We define adjusted EBITDA as operating income before depreciation, amortization of intangible assets, stock-based compensation expense, restructuring charges, loss related to a significant non-core project in Canada and charges related to a significant customer bankruptcy. We believe adjusted EBITDA is useful to investors in evaluating our operating performance for the following reasons: adjusted EBITDA and similar non-GAAP measures are widely used by investors to measure a company's operating performance without regard to items that can vary substantially from company to company depending upon financing and accounting methods, book values of assets, capital structures and the methods by which assets were acquired; securities analysts often use adjusted EBITDA and similar non-GAAP measures as supplemental measures to evaluate the overall operating performance of companies; and by comparing our adjusted EBITDA in different historical periods, investors can evaluate our operating results without the additional variations of depreciation and amortization expense, stock-based compensation expense, restructuring charges and loss related to a significant non-core project in Canada. We define adjusted EBITDA margin as adjusted EBITDA stated as a percentage of revenue.

Our management uses adjusted EBITDA and adjusted EBITDA margin as measures of operating performance, because they do not include the impact of items that we do not consider indicative of our core operating performance; for planning purposes, including the preparation of our annual operating budget; to allocate resources to enhance the financial performance of the business; to evaluate the effectiveness of our business strategies; and in communications with the board of directors and investors concerning our financial performance.

During the first quarter of 2016, we changed our calculation and presentation of adjusted EBITDA to exclude restructuring charges and losses related to a significant non-core project in Canada and during the third quarter of 2016, we changed our calculation and presentation of adjusted EBITDA in order to exclude charges related to a significant customer bankruptcy. We do not consider these items indicative of our core operating performance. Adjusted EBITDA and adjusted EBITDA margin for the prior periods have been recalculated to be presented on a comparable basis.

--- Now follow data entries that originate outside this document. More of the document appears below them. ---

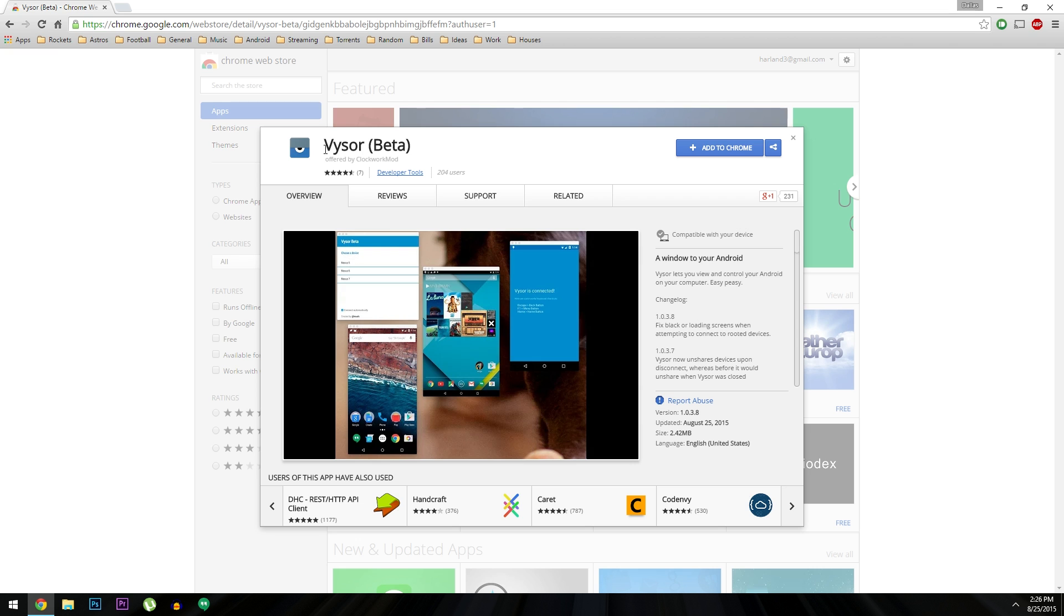The app is called Vysor, and that's V-Y-S-O-R, and it was created by Koushik Duda, so you know it's a good one.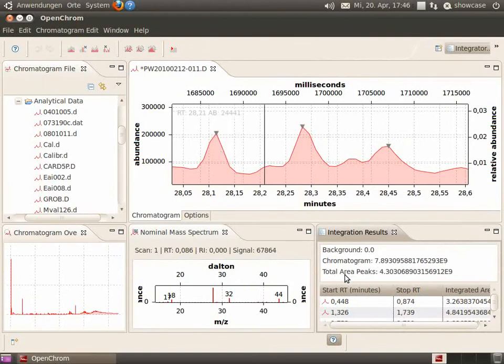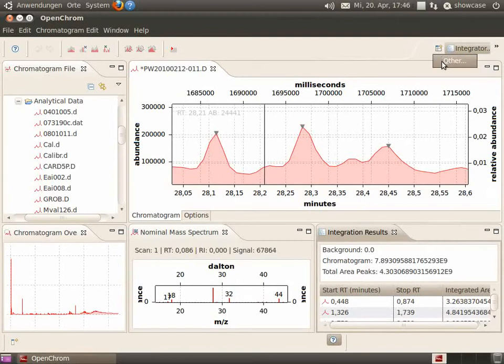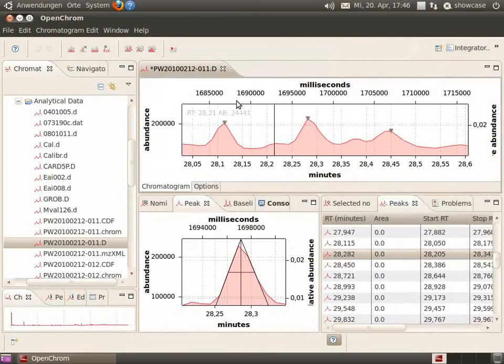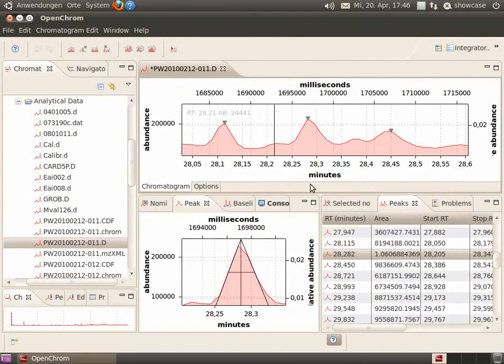The integration results will be shown in a separate perspective. And you can switch back to the default perspective by selecting it.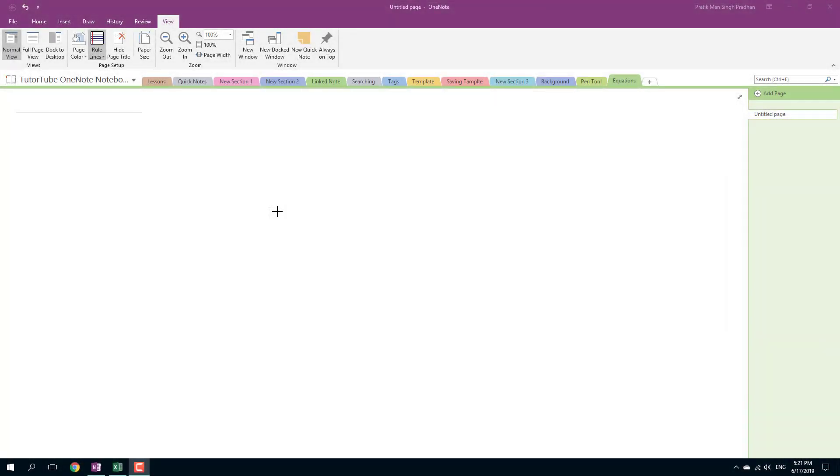So, over here in Microsoft OneNote, you can easily utilize grids in drawing to draw something in proportion.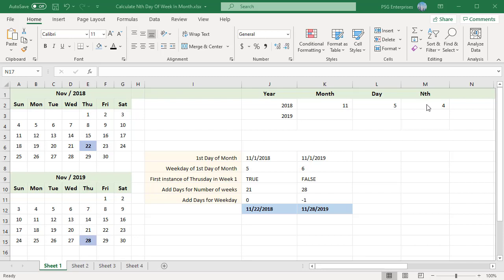To calculate the nth weekday, we need to follow three steps: find the starting date of the selected month and year, find the week with the nth occurrence, then add or subtract days to get to the selected weekday.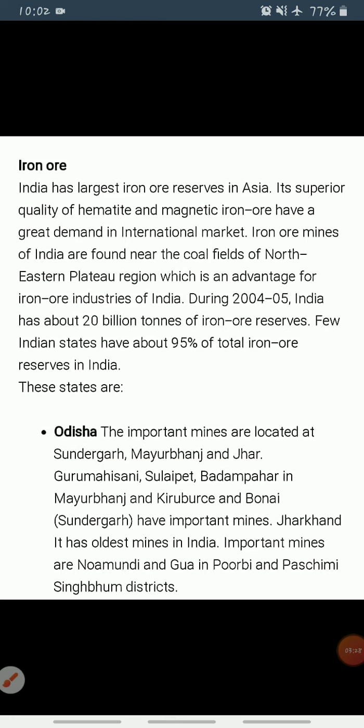In Odisha, iron ore occurs in a series of hill ranges in Sundargarh, Mayurbhanj, and Keonjhar. Important mines are Gurumahisani, Sulepat, Badam Pahar in Mayurbhanj, Kiriburu in Keonjhar, and Bonai in Sundargarh. Similar hill ranges in Jharkhand have some of the oldest iron ore mines.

Non-GAAP Net Income and EPS

We define non-GAAP net income and earnings per share ("EPS") to exclude certain discrete items that management does not consider representative of our ongoing operations, including restructuring charges, loss related to a significant non-core project in Canada, impact from redeemable non-controlling interest and charges related to a significant customer bankruptcy. We consider non-GAAP net income and non-GAAP EPS to be important indicators of our operational strength and performance of our business because they eliminate the effects of events that are not part of the Company's core operations.

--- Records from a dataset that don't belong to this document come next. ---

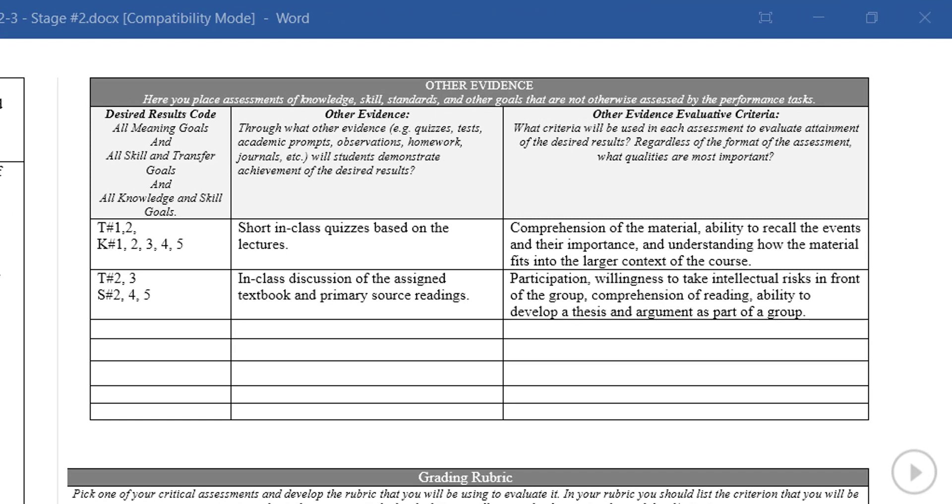The next section of the Stage 2 form is for listing the ancillary evidence of student performance that will be assessed in the unit. This section should include learning tools such as quizzes or discussions that will help the student retain and understand information but that are not designed to impart specific transfer goals. These assessments should be used as part of the learning process with guidance from the instructor and should be differentiated from the higher level performance tasks that demonstrate deeper understanding and that require independent application of knowledge and skills.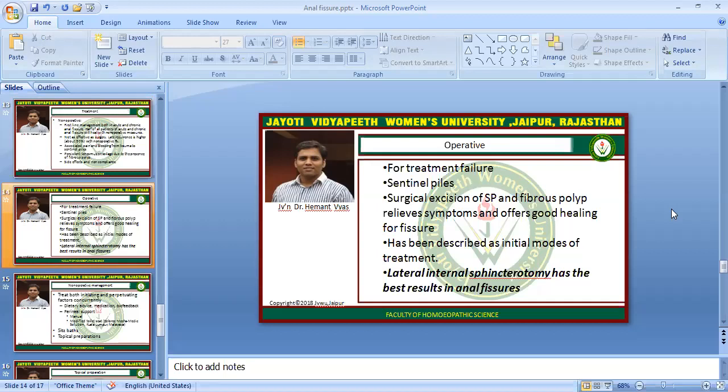For operative procedures as an initial mode of treatment, lateral internal sphincterotomy has been designed and has produced the best results in anal fissures. This is called lateral internal sphincterotomy and is quite popular.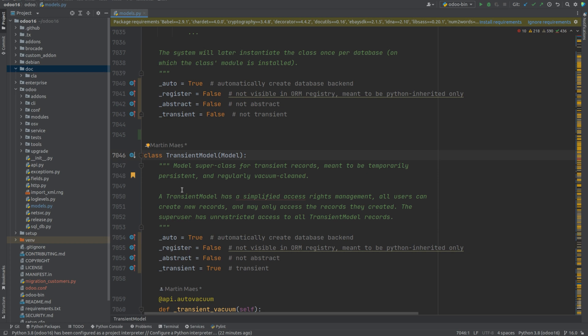Such as sending mails, generating reports, and performing some calculations. Then what is transient attribute? A transient attribute is used to set whether the model is transient or not.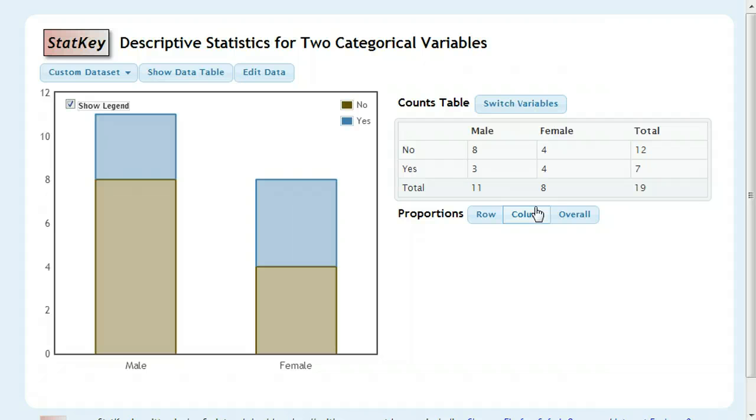The nice thing about this is if you ever have a spreadsheet to start, it's going to be a lot easier to directly transfer it in than to count it all up, especially if your data set is very large.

Adjusted Cash from Operations

We define adjusted cash from operations as cash flows from operating activities plus proceeds from Federal ESPC projects. Cash received in payment of Federal ESPC projects is treated as a financing cash flow under GAAP due to the unusual financing structure for these projects. These cash flows, however, correspond to the revenue generated by these projects. Thus we believe that adjusting operating cash flow to include the cash generated by our Federal ESPC projects provides investors with a useful measure for evaluating the cash generating ability of our core operating business. Our management uses adjusted cash from operations as a measure of liquidity because it captures all sources of cash associated with our revenue generated by operations.